Track types
The different track types in the CLC Genomics Workbench are:
- Sequence Track ()
- A sequence track contains one or more sequences and is usually used to store the reference sequences of a genome (e.g. the chromosomes or the consensus sequences of de novo assembled contigs).
- Reads Track ()
- Reads Tracks hold read mappings such as the ones produced by the Map Reads to Reference, Local Realignment or RNA-Seq Analysis tools. The reads track contains all the reads that have been mapped at their mapped positions, and you can zoom in all the way to base resolution. In case there are more reads than the height of the track allows, an overflow graph will be displayed above the reads in the same colors than the reads that it represents. When hovering over the reads, a vertical scroll bar will appear to the right of the reads to navigate through high coverage regions, and in non-aggregated view, a tooltip shows the read counts for each observed nucleotide in that position together with the directions of the reads with that nucleotide. Read more about reads tracks here: Reads tracks.
- Variant Track ()
- A variant track (see Variant tracks) stores features that fulfill the requirements for being a variant. A particular requirement for being a variant is that it refers to a particular region of the reference, and it is possible to describe exactly how the sample "Allele" sequence looks in this region, as compared to what the "Reference allele" sequence looks like in this region. Variants may be of type SNV, MNV, replacement, insertion or deletion. A variant track may be produced either by running a Variant detection tool in the Workbench, or by importing a variant format file (such as a VCF or a GVF file), or by downloading it from a database (e.g. dbSNP).

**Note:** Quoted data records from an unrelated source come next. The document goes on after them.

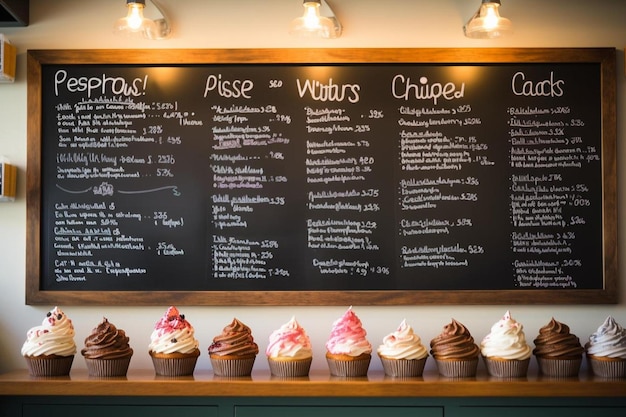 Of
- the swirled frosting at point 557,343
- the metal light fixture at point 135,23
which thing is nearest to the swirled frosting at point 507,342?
the swirled frosting at point 557,343

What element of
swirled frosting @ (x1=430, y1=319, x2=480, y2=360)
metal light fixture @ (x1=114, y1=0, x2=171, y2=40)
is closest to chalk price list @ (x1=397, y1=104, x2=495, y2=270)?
swirled frosting @ (x1=430, y1=319, x2=480, y2=360)

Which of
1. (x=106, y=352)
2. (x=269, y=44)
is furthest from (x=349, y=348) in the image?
(x=269, y=44)

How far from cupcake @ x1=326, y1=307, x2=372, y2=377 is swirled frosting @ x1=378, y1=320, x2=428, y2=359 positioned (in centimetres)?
10

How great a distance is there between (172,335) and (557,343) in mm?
2012

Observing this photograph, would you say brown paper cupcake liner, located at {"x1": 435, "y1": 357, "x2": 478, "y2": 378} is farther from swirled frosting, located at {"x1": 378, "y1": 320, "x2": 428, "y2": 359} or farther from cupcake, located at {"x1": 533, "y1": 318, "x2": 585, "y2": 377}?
cupcake, located at {"x1": 533, "y1": 318, "x2": 585, "y2": 377}

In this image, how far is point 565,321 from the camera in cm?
449

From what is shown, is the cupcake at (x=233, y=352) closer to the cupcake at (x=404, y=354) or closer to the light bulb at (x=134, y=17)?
the cupcake at (x=404, y=354)

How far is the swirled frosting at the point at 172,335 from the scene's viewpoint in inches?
162

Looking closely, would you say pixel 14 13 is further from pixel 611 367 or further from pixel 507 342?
pixel 611 367

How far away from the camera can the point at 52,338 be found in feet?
13.5

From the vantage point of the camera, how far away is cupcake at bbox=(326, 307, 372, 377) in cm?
409

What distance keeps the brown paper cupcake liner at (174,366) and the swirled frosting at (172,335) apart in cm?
5

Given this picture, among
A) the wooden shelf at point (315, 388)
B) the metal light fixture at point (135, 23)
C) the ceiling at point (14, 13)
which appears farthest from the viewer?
the ceiling at point (14, 13)

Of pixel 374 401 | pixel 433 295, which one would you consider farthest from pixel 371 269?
pixel 374 401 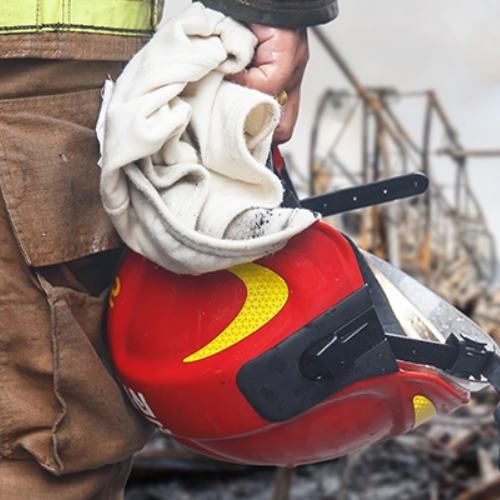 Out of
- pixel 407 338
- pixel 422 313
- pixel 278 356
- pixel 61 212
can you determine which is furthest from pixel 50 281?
pixel 422 313

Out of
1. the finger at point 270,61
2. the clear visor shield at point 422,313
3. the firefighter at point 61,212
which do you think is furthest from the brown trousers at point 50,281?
the clear visor shield at point 422,313

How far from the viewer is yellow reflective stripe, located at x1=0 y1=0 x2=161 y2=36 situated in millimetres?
1018

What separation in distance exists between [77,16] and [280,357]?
48 centimetres

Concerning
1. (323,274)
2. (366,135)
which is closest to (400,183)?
(323,274)

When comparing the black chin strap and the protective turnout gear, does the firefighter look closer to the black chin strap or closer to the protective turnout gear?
the protective turnout gear

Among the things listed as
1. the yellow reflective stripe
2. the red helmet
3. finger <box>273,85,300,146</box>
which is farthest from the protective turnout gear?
the yellow reflective stripe

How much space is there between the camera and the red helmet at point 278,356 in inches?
40.0

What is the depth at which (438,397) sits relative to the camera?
1116 millimetres

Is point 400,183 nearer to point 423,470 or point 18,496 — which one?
point 18,496

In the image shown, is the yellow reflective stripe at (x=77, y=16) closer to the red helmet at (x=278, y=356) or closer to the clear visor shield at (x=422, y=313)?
the red helmet at (x=278, y=356)

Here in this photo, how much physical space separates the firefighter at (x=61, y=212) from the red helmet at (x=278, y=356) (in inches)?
2.4

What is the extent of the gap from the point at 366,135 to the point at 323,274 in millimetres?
3092

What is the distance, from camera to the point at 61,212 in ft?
3.46

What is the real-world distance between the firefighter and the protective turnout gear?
0.20 feet
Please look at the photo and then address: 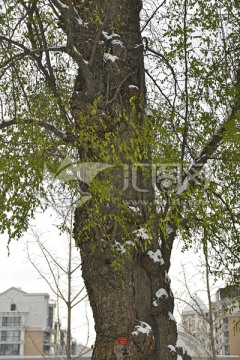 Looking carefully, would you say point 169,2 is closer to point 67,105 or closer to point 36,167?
point 67,105

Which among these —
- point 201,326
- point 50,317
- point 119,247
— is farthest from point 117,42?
point 50,317

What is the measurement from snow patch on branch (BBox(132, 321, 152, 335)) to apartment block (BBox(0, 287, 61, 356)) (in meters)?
44.6

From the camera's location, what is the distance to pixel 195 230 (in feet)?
27.5

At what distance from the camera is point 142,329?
6.07 meters

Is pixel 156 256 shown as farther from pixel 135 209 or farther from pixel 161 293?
pixel 135 209

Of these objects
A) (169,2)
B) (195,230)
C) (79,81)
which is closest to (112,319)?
(195,230)

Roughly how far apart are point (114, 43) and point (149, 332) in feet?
13.4

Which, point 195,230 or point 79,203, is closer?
point 79,203

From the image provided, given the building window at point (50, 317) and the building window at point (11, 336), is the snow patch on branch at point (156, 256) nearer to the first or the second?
the building window at point (11, 336)

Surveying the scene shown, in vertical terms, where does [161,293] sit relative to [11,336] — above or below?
below

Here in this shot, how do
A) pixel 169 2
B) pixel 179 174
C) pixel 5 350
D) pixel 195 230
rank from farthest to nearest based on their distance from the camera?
pixel 5 350
pixel 169 2
pixel 195 230
pixel 179 174

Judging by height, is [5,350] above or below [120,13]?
below

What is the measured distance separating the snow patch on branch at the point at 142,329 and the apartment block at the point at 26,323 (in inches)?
1755

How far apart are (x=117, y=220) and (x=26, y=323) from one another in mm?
50986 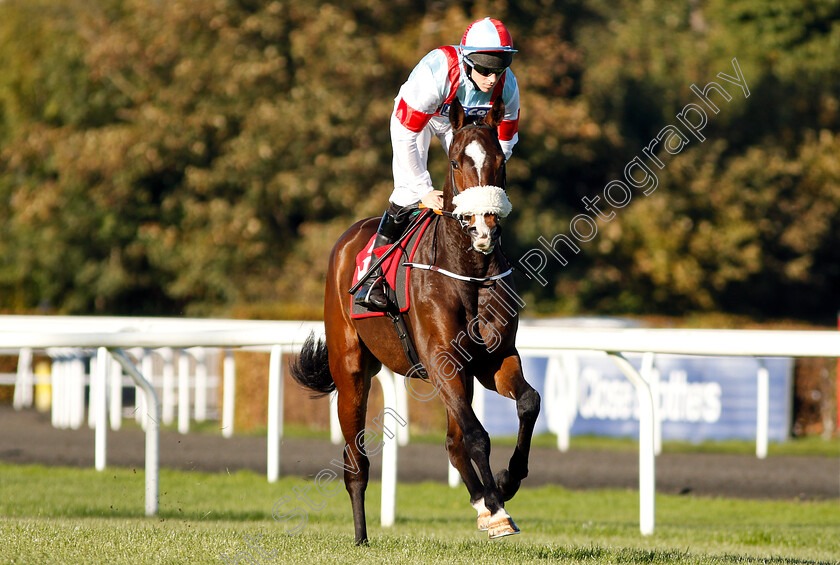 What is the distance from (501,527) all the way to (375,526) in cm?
244

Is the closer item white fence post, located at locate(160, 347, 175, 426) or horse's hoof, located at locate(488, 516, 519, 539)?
horse's hoof, located at locate(488, 516, 519, 539)

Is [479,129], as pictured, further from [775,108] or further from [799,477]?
[775,108]

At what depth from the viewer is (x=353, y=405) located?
5719 millimetres

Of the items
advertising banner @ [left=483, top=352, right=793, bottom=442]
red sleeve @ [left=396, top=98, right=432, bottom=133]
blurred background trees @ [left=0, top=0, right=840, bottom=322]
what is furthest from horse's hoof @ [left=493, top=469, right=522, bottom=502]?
blurred background trees @ [left=0, top=0, right=840, bottom=322]

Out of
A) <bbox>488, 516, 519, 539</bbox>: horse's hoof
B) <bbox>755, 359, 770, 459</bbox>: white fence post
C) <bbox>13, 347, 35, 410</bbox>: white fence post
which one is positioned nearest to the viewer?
<bbox>488, 516, 519, 539</bbox>: horse's hoof

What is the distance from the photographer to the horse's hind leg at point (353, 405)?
221 inches

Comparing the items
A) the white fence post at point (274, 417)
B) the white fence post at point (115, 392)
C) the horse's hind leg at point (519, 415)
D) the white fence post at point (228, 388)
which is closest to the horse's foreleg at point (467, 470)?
the horse's hind leg at point (519, 415)

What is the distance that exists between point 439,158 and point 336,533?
1322 cm

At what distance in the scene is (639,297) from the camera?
22.0m

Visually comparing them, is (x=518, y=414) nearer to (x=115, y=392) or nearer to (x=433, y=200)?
(x=433, y=200)

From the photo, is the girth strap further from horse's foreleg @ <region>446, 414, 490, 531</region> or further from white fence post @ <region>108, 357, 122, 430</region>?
white fence post @ <region>108, 357, 122, 430</region>

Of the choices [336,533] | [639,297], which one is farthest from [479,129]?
[639,297]

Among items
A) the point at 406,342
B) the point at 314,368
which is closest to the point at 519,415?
the point at 406,342

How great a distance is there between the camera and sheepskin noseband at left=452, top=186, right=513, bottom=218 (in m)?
4.37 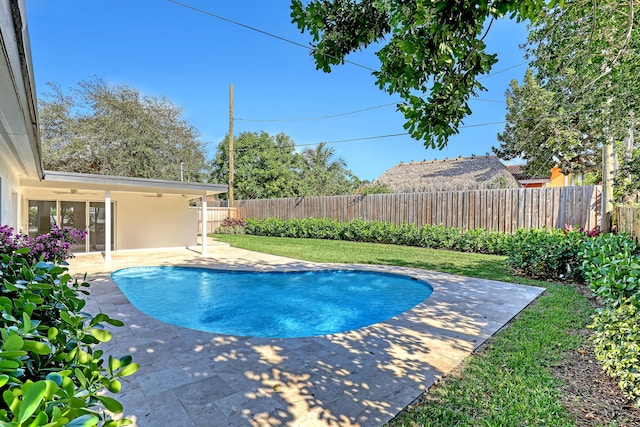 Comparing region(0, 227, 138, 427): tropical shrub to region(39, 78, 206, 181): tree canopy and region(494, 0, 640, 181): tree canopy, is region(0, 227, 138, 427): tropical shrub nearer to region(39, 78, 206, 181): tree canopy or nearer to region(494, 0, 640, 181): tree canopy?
region(494, 0, 640, 181): tree canopy

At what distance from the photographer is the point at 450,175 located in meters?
21.8

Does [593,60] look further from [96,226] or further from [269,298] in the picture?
[96,226]

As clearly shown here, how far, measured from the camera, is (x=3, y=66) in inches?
78.4

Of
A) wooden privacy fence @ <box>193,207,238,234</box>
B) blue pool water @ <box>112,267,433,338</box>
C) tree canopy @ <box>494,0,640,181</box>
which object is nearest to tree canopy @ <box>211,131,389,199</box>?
wooden privacy fence @ <box>193,207,238,234</box>

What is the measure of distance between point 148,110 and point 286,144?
1293cm

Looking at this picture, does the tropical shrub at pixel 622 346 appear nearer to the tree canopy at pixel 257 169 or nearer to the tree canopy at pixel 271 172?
the tree canopy at pixel 271 172

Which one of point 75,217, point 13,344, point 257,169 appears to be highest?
point 257,169

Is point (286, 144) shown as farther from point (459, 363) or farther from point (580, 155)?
point (459, 363)

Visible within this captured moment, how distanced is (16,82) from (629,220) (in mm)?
9688

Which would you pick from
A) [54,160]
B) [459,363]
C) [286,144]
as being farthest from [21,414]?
[286,144]

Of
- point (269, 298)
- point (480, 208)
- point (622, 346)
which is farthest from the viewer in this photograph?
point (480, 208)

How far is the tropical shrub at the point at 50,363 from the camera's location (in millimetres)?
667

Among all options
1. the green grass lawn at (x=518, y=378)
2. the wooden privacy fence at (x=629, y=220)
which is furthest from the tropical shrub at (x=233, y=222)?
the wooden privacy fence at (x=629, y=220)

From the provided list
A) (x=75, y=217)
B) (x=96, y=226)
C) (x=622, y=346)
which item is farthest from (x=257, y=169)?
(x=622, y=346) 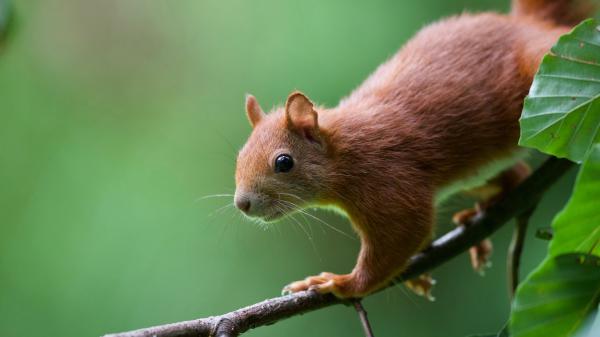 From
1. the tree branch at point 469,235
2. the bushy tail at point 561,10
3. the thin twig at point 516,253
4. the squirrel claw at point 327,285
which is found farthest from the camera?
the bushy tail at point 561,10

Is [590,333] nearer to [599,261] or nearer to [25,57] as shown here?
[599,261]

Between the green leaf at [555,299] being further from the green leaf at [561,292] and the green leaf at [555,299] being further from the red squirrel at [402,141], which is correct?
the red squirrel at [402,141]

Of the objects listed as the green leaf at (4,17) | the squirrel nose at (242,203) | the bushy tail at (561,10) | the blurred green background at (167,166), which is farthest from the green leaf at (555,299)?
the blurred green background at (167,166)

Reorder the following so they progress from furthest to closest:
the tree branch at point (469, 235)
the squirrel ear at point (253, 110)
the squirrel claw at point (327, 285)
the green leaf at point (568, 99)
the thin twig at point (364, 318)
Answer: the squirrel ear at point (253, 110) → the squirrel claw at point (327, 285) → the tree branch at point (469, 235) → the thin twig at point (364, 318) → the green leaf at point (568, 99)

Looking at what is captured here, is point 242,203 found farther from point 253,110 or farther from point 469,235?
point 469,235

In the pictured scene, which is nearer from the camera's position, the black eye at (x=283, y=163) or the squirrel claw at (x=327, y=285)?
the squirrel claw at (x=327, y=285)

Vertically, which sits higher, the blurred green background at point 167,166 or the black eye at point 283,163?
the black eye at point 283,163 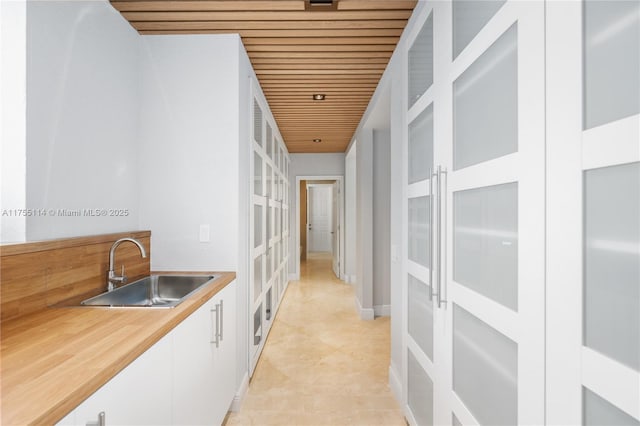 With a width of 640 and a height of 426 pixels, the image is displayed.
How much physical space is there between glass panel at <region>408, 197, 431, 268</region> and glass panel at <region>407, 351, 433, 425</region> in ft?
1.98

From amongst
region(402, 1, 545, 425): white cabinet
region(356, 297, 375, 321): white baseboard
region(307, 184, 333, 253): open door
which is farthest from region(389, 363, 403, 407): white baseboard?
region(307, 184, 333, 253): open door

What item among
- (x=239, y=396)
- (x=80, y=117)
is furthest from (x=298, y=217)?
(x=80, y=117)

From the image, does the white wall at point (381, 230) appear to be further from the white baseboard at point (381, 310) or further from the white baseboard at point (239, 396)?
the white baseboard at point (239, 396)

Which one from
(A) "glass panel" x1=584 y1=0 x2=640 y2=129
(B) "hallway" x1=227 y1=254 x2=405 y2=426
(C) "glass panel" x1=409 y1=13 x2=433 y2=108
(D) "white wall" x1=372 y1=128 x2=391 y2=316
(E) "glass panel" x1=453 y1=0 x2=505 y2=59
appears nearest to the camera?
(A) "glass panel" x1=584 y1=0 x2=640 y2=129

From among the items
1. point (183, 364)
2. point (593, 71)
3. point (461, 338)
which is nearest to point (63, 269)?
point (183, 364)

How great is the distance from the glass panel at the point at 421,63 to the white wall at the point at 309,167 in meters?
4.74

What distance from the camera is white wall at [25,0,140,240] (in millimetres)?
1468

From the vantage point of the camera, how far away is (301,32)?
2271 mm

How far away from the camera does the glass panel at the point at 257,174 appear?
2.94 m

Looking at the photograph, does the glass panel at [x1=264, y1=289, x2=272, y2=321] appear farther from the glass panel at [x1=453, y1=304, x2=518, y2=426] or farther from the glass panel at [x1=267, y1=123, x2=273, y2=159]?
the glass panel at [x1=453, y1=304, x2=518, y2=426]

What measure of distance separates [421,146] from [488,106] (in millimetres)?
727

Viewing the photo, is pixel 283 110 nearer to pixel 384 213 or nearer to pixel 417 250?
pixel 384 213

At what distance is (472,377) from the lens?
51.6 inches

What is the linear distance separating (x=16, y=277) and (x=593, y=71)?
73.2 inches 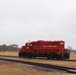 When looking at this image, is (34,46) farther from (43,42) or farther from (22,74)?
(22,74)

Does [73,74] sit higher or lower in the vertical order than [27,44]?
lower

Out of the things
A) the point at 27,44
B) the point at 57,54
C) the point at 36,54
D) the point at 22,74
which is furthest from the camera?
the point at 27,44

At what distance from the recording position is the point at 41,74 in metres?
21.9

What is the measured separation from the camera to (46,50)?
2053 inches

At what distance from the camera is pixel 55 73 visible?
22.0 m

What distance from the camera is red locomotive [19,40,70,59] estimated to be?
50434 mm

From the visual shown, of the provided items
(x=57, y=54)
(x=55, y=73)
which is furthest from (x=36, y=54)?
(x=55, y=73)

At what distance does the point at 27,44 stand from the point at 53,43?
6926 mm

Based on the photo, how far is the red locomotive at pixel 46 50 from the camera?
165 feet

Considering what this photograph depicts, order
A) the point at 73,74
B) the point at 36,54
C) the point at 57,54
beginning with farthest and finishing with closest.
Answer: the point at 36,54 < the point at 57,54 < the point at 73,74

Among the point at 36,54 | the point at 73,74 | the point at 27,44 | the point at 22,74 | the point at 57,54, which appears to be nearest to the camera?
the point at 73,74

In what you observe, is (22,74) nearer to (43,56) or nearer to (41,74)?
(41,74)

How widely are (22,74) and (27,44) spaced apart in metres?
35.3

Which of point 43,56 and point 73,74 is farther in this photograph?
point 43,56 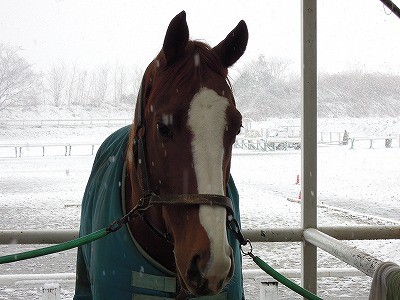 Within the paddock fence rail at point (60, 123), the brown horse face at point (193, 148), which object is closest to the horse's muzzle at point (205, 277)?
the brown horse face at point (193, 148)

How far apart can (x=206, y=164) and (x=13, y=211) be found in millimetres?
3682

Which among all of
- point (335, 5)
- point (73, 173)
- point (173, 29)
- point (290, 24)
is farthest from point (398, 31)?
point (73, 173)

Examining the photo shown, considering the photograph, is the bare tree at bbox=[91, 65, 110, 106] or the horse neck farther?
the bare tree at bbox=[91, 65, 110, 106]

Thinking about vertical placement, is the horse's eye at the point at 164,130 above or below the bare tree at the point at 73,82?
below

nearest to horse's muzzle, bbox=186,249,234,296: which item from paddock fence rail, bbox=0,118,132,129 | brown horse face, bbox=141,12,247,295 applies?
brown horse face, bbox=141,12,247,295

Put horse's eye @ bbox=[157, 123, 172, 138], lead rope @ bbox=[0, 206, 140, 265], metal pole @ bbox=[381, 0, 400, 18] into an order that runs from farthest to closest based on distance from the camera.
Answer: metal pole @ bbox=[381, 0, 400, 18], lead rope @ bbox=[0, 206, 140, 265], horse's eye @ bbox=[157, 123, 172, 138]

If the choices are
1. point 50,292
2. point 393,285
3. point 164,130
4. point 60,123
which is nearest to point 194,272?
point 164,130

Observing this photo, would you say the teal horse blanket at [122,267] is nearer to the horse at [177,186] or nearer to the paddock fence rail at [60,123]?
the horse at [177,186]

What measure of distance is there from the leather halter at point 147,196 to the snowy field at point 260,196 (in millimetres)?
2013

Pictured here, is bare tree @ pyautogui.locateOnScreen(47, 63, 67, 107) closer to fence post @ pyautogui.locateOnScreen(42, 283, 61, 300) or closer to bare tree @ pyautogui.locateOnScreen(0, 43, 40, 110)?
bare tree @ pyautogui.locateOnScreen(0, 43, 40, 110)

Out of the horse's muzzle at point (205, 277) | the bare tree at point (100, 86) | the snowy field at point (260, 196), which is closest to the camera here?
the horse's muzzle at point (205, 277)

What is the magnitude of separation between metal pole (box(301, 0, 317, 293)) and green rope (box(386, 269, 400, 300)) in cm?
114

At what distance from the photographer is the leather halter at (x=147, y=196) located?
120 cm

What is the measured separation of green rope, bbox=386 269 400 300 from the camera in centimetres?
131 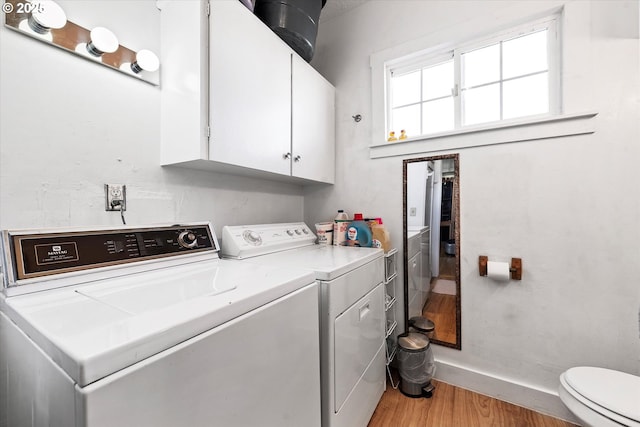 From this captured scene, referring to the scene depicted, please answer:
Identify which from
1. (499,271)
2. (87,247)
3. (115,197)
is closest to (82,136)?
(115,197)

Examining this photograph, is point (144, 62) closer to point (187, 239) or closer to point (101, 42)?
point (101, 42)

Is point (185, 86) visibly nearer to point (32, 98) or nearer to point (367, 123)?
point (32, 98)

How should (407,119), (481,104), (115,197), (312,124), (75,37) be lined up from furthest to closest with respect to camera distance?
1. (407,119)
2. (312,124)
3. (481,104)
4. (115,197)
5. (75,37)

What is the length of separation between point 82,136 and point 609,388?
2.44 meters

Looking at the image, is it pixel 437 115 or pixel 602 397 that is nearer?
pixel 602 397

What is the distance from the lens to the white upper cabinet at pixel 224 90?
1.17 m

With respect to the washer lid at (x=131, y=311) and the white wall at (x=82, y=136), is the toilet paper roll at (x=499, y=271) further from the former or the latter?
the white wall at (x=82, y=136)

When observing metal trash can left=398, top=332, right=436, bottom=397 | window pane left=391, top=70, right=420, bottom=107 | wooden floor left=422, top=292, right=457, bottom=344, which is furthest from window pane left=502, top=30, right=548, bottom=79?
metal trash can left=398, top=332, right=436, bottom=397

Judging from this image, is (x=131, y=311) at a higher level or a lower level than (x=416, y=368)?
higher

Note on the InDels and Structural Variants: this tool detects structural variants, including insertions, deletions, inversions, translocations and tandem duplications. It will produce a variant track, which will contain some insertions and deletions (the "InDel" track). However, the tool will also detect some insertions for which the "Allele" sequence is not fully, but only partially, known. These insertions do not fulfill the requirements of being a variant and therefore cannot be put in the variant track. Instead they are put in the "SV track", along with the inversions and translocations. The "SV" track is an "annotation" (or "feature") track, which is less strict and more flexible in the requirements to the types of annotations (or features) that it can contain (see below).
- Annotation Track ()
- Each annotation track contains a certain type of annotations. Examples are gene or mRNA tracks, UTR tracks, conservation score tracks and target region tracks. They may be obtained either by importing a BED, GTF or GFF file, or by downloading a database, such as ENSEMBL, in the workbench using the Import | Tracks tool (Import Tracks). Annotation tracks can also be downloaded with the Reference Data Manager. Also, many of the tools in the Workbench will output annotation tracks: for example, the Indels and Structural Variants tool will put the detected structural variants (that do not fulfill the requirements for being of type "variant") in an annotation track called SV track, or the ChIP-Seq detection tool which will compile the detected "peaks" into a peak annotation track. Finally, a gene (annotation) track can be created (see 24.7.1Convert to Tracks). A description of how to annotate and filter tracks is found in Annotate and filter tracks.
- Coverage Graph Track ()
- The coverage graph track is calculated from a reds track and contains a graphical display of the coverage at each position in the reference.
- Expression Track ()
- The RNA-seq algorithm produces expression tracks: one for genes and one for transcripts. These have an annotation for each gene or transcript, and an expression value associated to that annotation. The type of expression value associated with each annotation is determined by the expression value parameter selected in the RNA-Seq tool. These values are visualized as a color gradient from blue to red; the lowest expression value within each chromosome of the track is represented as 0% and the highest expression value within each chromosome of the track is represented by 100%.
An example of the different types of tracks is given in figure 24.2.
Figure 24.2: A track list containing different types of tracks. From the top: a sequence track, three annotation tracks with gene, mRNA and CDS annotations respectively, two variant tracks, a gene-level (GE) and a transcript level (TE) expression track, a coverage track and a reads track.